■ **WORK REQUIRED**:
Return all of the data exactly as written, without the pictures.

Captioned web images:
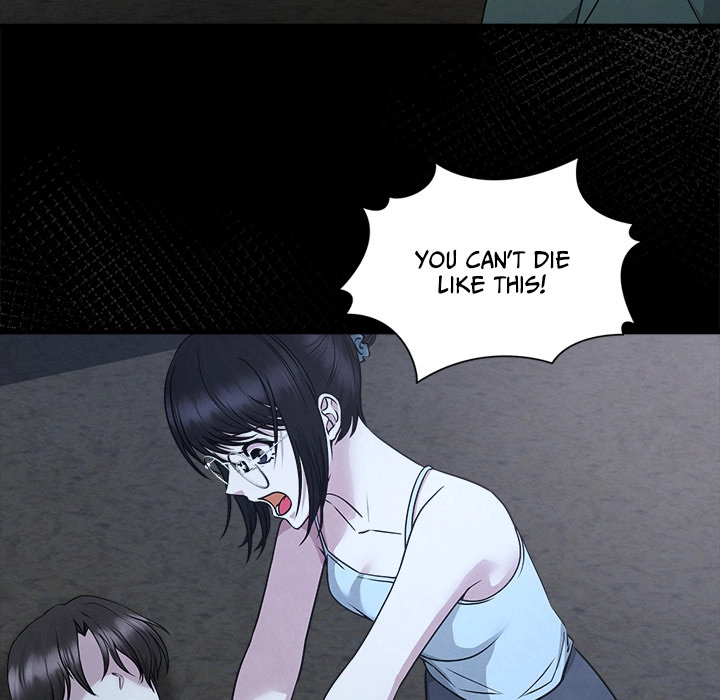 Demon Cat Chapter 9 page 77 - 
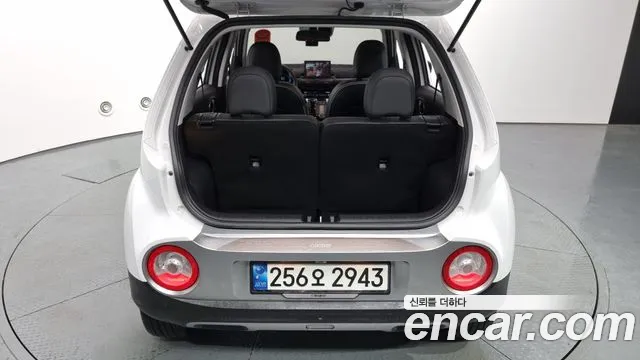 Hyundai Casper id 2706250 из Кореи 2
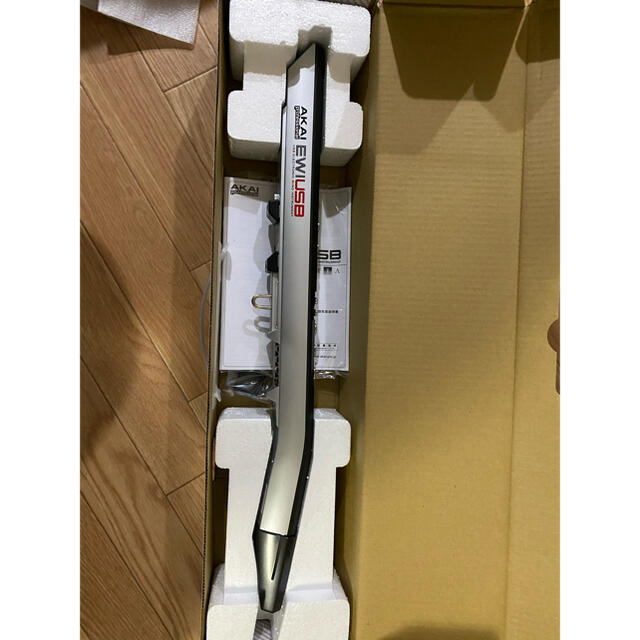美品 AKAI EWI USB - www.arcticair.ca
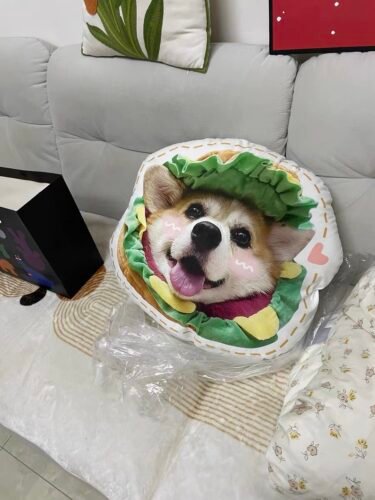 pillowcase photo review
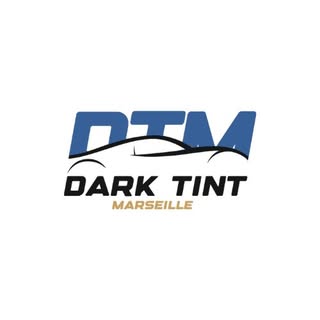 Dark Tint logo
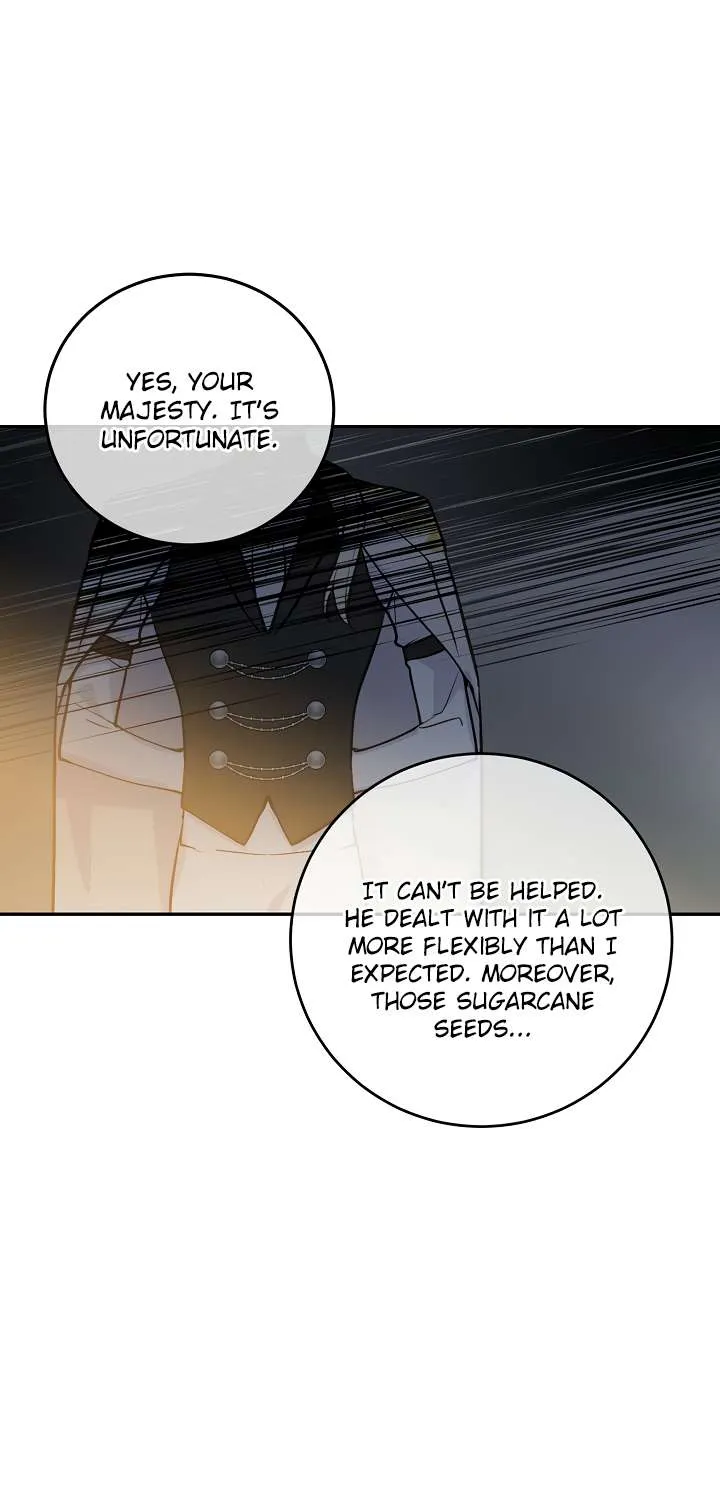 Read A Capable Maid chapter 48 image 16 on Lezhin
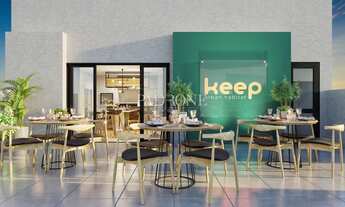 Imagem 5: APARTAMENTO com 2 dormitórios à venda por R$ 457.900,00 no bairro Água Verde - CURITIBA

■ **ANSWER TO THIS PROBLEM**:
 Demon Cat Chapter 9 page 77 - 
 Hyundai Casper id 2706250 из Кореи 2
美品 AKAI EWI USB - www.arcticair.ca
 pillowcase photo review
 Dark Tint logo
 Read A Capable Maid chapter 48 image 16 on Lezhin
 Imagem 5: APARTAMENTO com 2 dormitórios à venda por R$ 457.900,00 no bairro Água Verde - CURITIBA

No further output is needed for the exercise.